Banking heads 'hugely disappointed' by T2S delay
21 September 2011 | 9373 views | 0
Leading banks have expressed their disappointment at yesterday's news that Target 2 Securities (T2S), the European Central Bank's plan to streamline Europe's securities settlement structure, has been delayed yet again.
"I was hugely disappointed by the announcement that T2S will be delayed," said Tim Keaney, chief executive of asset servicing at BNY Mellon, the world's largest custody bank. "As a global custodian, one of the challenges we face is explaining to our customers why international custody is so much more expensive in Europe, so I was very encouraged by the launch of the T2S initiative and the idea of introducing a harmonised settlement structure in Europe."
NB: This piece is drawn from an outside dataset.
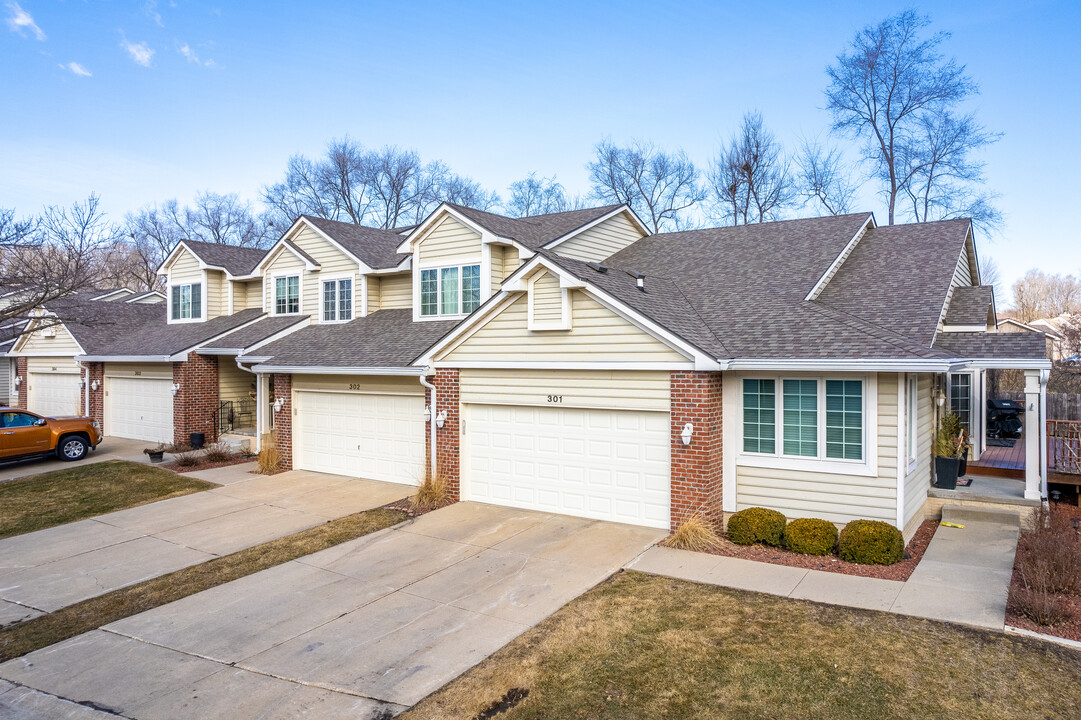 Jordan Pointe Townhomes in West Des Moines, IA - Building Photo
Keaney was speaking at a panel debate at the annual congress of financial messaging body Swift and his dissatisfaction was shared by his fellow panelists. "What I find concerning is the business changes involved with T2S are so colossal," said Paul Simpson, head of global transaction banking services, Bank of America Merrill Lynch. He suggested that the industry should work together on more executable stages rather than one all-inclusive deadline.
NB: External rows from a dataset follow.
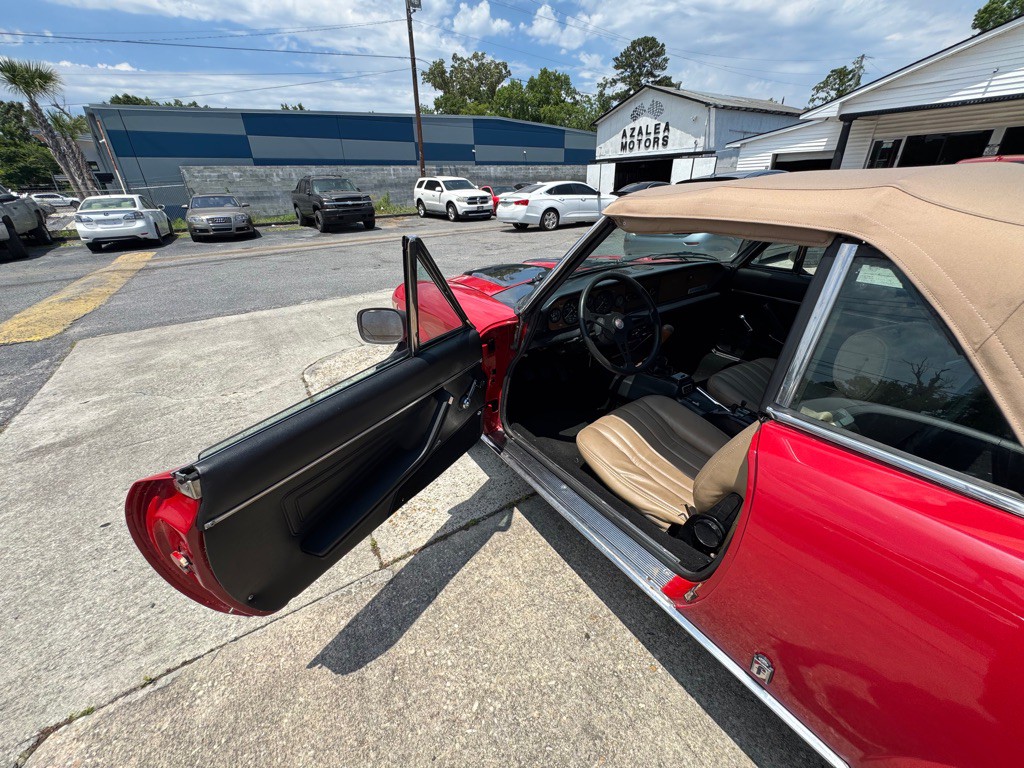 1982 FIAT 124 Spider Image 6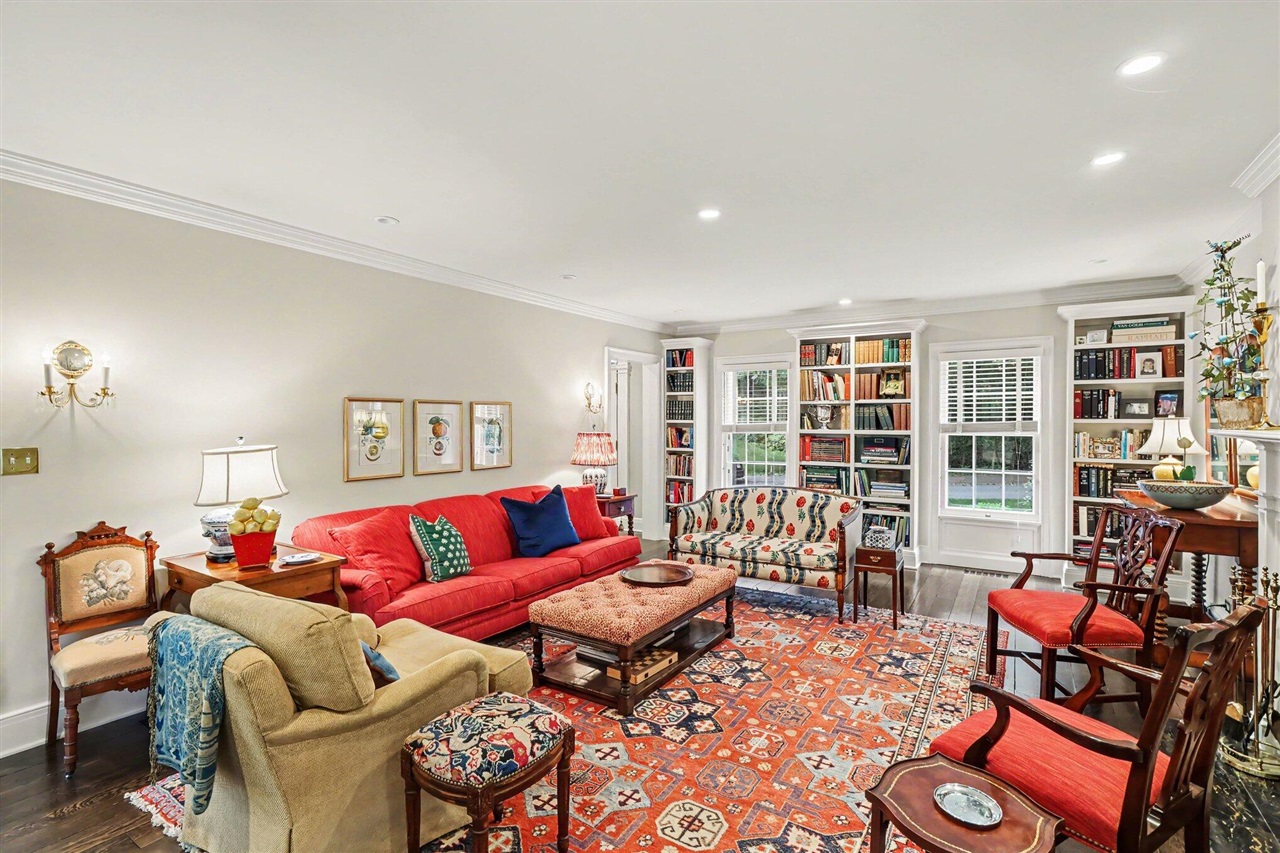 main property photo 9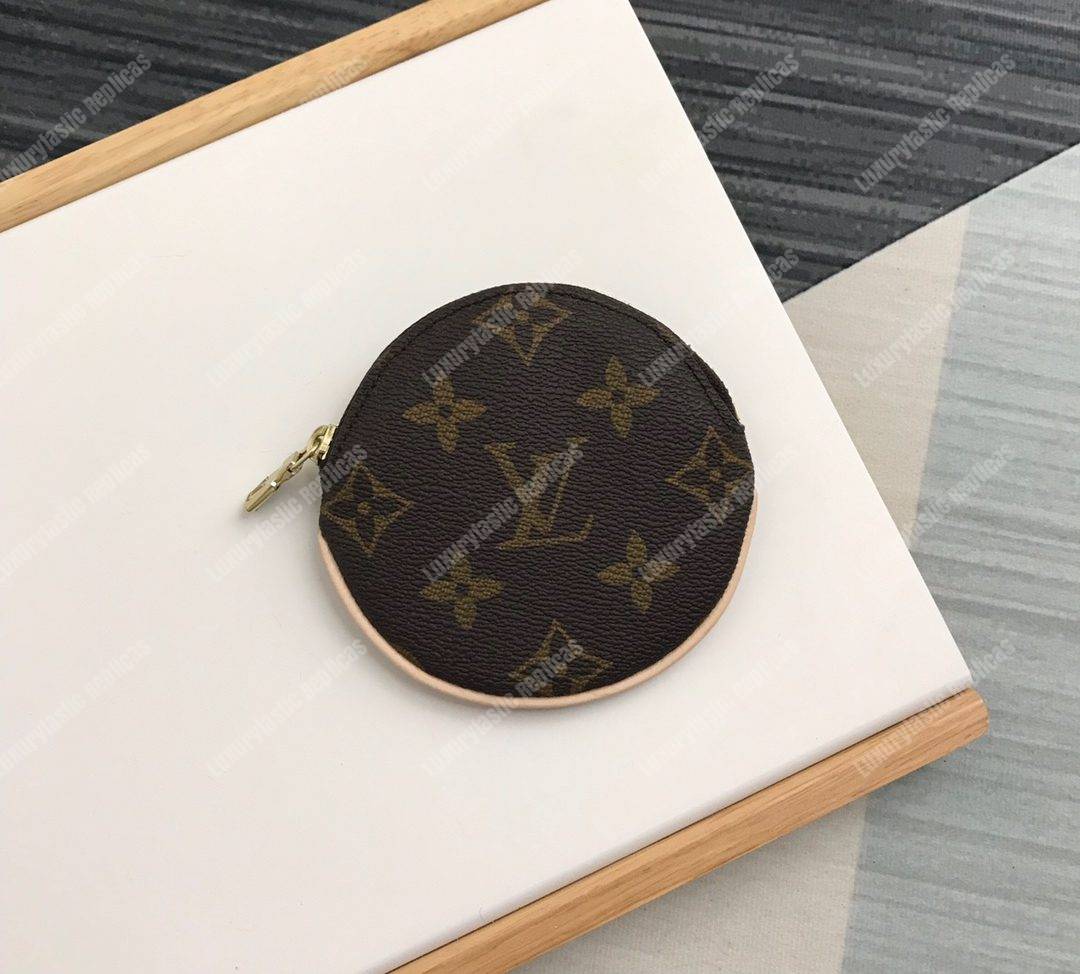 LV Round Coin Purse Monogram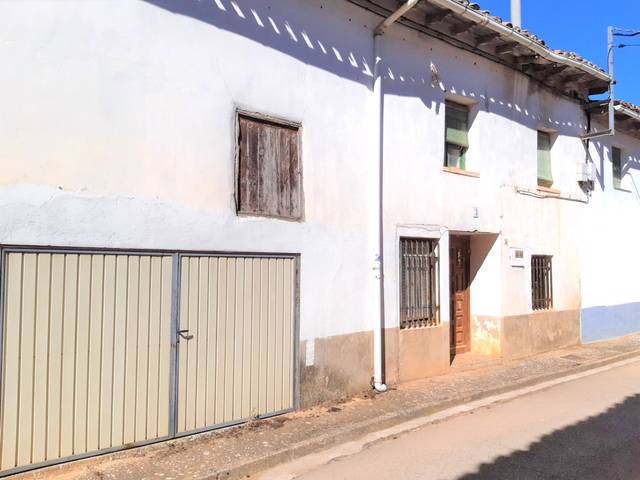 Casa-chalet en Venta en Real  en Sotresgudo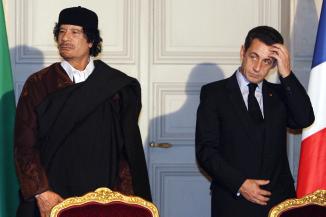 Takkiedine est le lien direct entre Sarkozy, Israel et l'assassinat de Rafik Hariri, coupable avec certains pakistanais, et saoudiens d'avoir detourné toutes les retro-commissions des contrats, Miksa, Sawari 2 (Arabie Saudite), Agosta (Pakistan) dans les reseaux chiraco-hariristes au moyen orient. Apres l'elimination de Hariri,  les fonds ont pu etre recupérés par les reseaux 'K' pour Kaddafi et l'emir du Qatar...  Ces fonds etaient destinés a Sarkozy en 2007, et les malettes (36 millions d'euros passaient par la Libye et l'Italie, voir affaire de diversion 'Clearstream' et les comptes 'Nagy de Bocsa' en Italie, affaire montée de toute piece par ceux la meme qui declaraient en etre les victimes. Berlusconi a confirmé que les malettes se passaient de la main a la main  comme le fiston Kaddafi avait decrit et Takkiedine aurait du etre arreté depuis longtemps). Quand Israel assassina Hariri car Olmert-Shalom avaient recu des assurances de recuperer une grande partie des fonds pour leur coup de main, Sarkozy serait sur de passer en 2007 ! Sarkozy avait plusieurs mobiles pour guerroyer en Libye dont celui-ci, effacer toutes les traces or meme le mafieux Berlusconi a confirmé cette version des faits ! Kaddafi et Berlusconi vont-ils etre assassinés par l'OTAN ?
The original deadline was set for September 2014 but the delay announced yesterday could push this date back to 2015.
It was also stated that the T2S platform itself only addresses one part of the problem and will be ineffective without further harmonisation throughout the underlying environment.
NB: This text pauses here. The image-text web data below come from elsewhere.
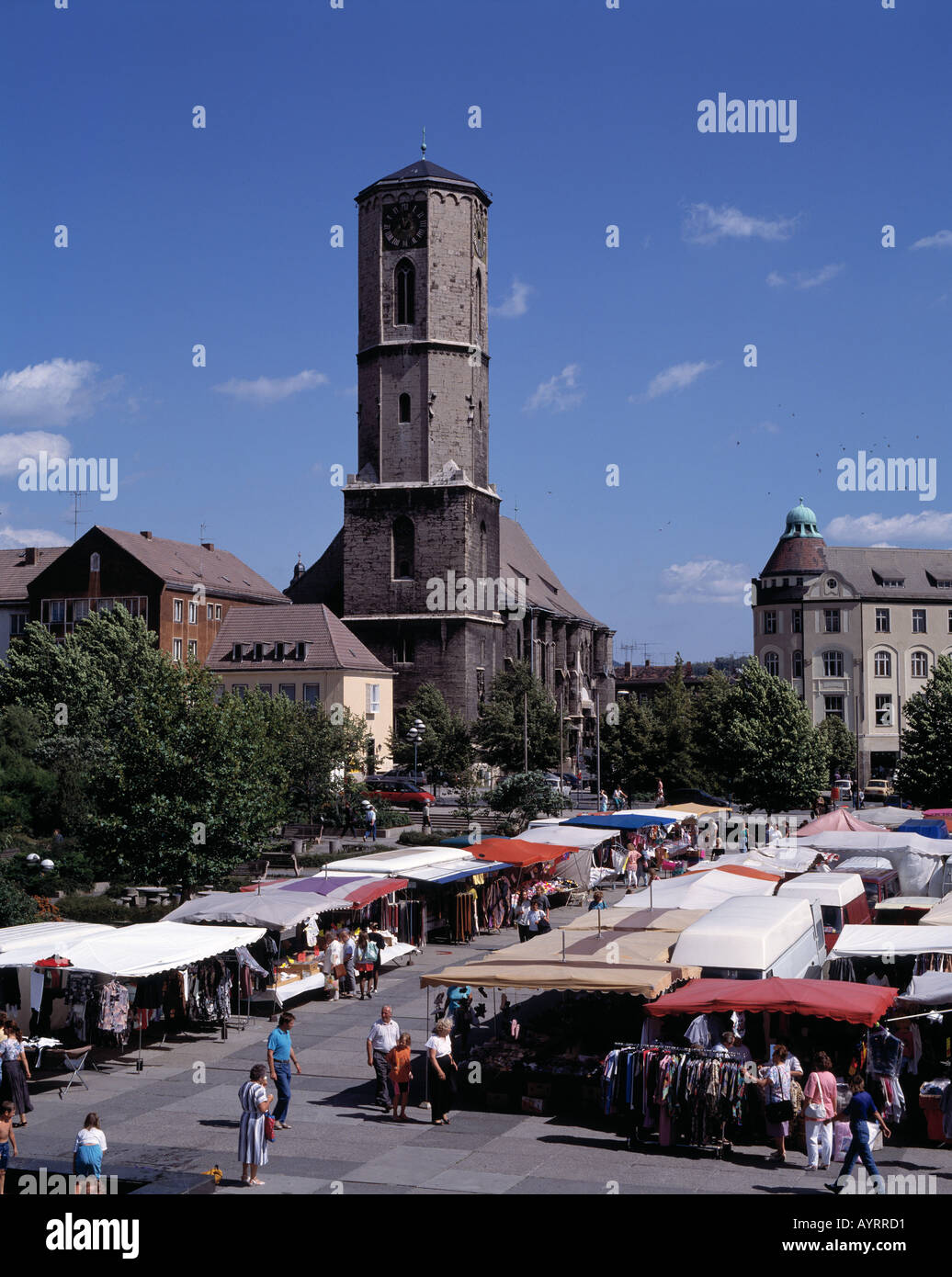 Wochenmarkt auf dem Platz der Kosmonauten, St. Michael-Kirche, Jena, Saale, Thueringen Stock Photo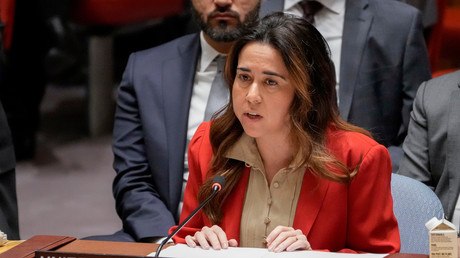 האו"ם: המועמדות האמירית של לאנה נוסייבה מעוררת ביקורת איחוד האמירויות הערביות מינתה את הדיפלומטית לאנה נוסי…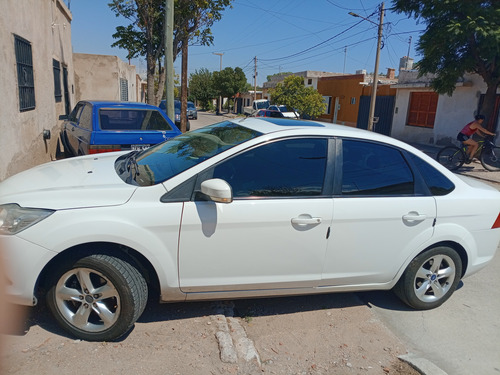 Ford Focus 2 2.0 Exe Sedan Trend Plus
"You cannot just take a block of countries and say you all need to have the same thing unless everything else is equal - such as tax," said John Coverdale, Group General Manager, head of global transaction banking, HSBC. "So there is a lot that needs to happen but the industry needs to be more positive and stop bickering over the details because standardisation itself is a good thing and a good way to reduce risk and increase efficiency."
Custodian and transaction banks such as BNY Mellon, HSBC and BoAML are one of the sectors that could benefit from the reduced settlement costs that T2S is promising, hence the frustration with the delay. Although it is likely that they will also face competition from central securities depositaries (CSDs) that could earmark the custody space as a way to compensate for any transaction-based revenue lost as a result of the introduction of T2S.